I have seen and heard many in newspapers, magazines, broadcast and blogs — left, right and squishy — giving the same message. The cheap shots and Karl Rove strategies that got the Bushes into power have outlived any utility. The failure to do what they say in governance and their own lives has been at levels of hypocrisy that exceed voters' tolerance. Most significant, if you say small government and prudent finances, do it or at least have a specific set of plans.

The independent as well as the moderate and conservative Dems need more than trust me and because I say so. You got to earn it to own it, as the hip hop lyrics go.

Trumpet. Don't whine.


Honestly, it's somewhat boring to have to look to the right-leaning Democrats for a political debate with the mainstream and lefty ones. It is more boring to hear Republicans whine about being so outnumbered in registration, not to speak of representation. There are enough Republicans and moderate or conservative voters in Massachusetts for a good debate and good contests.

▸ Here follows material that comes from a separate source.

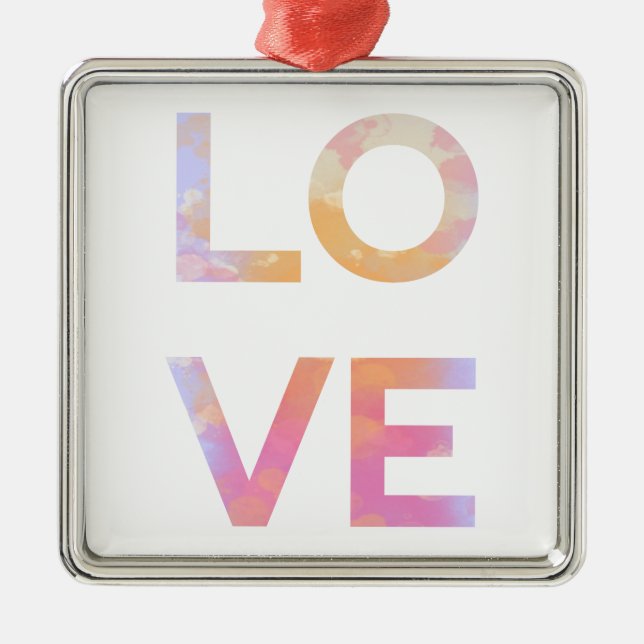 Ornamento De Metal Amor, aquarela (Frente)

Thus, my proposal is for augmenting the revamping of the party with piggybacking on the Dems.

Massachusetts Republicans can address their two fundamental issues at the same time. They need to give voters a reason to believe that their platform and programs would be better than what we have. They also need to convince voters that there's a reasonable chance they will finally begin to do what they say — walk it like they talk it as the older cliché goes.

Without putting too fine a point on it, the victim act doesn't do well for local Republicans. It recalls the nursery school rules of equal division and sameness. My eldest son and his chums discovered different and same. From then on, they'd delight at school and home discovering and exclaiming, "We have the same!"

Alas, there's no teacher in the adult world dividing the brownies into equal squares. There are fewer Republicans here and many fewer Republican legislators.

A futile and annoying response to these discoveries of difference is to cry foul. It's unfair and unequal. Of course, when people gain their public offices not by the largess of the head teacher, rather by the response of the voters, the remedy is also different.

Fortunately for the local GOP, the nationwide party will be re-evaluating and revamping. Those here can benefit from their work and coordinate with them. Of course, given their pathetic representation in office here, even with 36% (1,104,085) of the voters being registered Republicans), the locals need to tailor their campaigns, candidates and positions for the commonwealth and region.

Again, I hold that their greatest chance for overall and individual election success is recognizing the constituency's bent. They can start with leveraging the huge identification with fiscal conservatism. Both major parties and the ranks of the unenrolled here are rife with voters who would proudly say they want what the Republicans used to stand for in money terms. At the moment, from considerable history, they need to be convinced that the new, improved Republicans really, finally mean it again.

I won't reveal too much about how to work with center to right-leaning Dems. Perhaps pointing them to Alinsky's rules is already too much.

On the other hand, shifting from self-pity to action would be a great improvement. Crisp and clear debate will attract many more voters than unprovable slander. Smug reasoning beats bitching and whining any time, just look at how well the Dems used that this year.

The woe-are-we Republicans need a new shtick. Aren't elephants supposed to trumpet?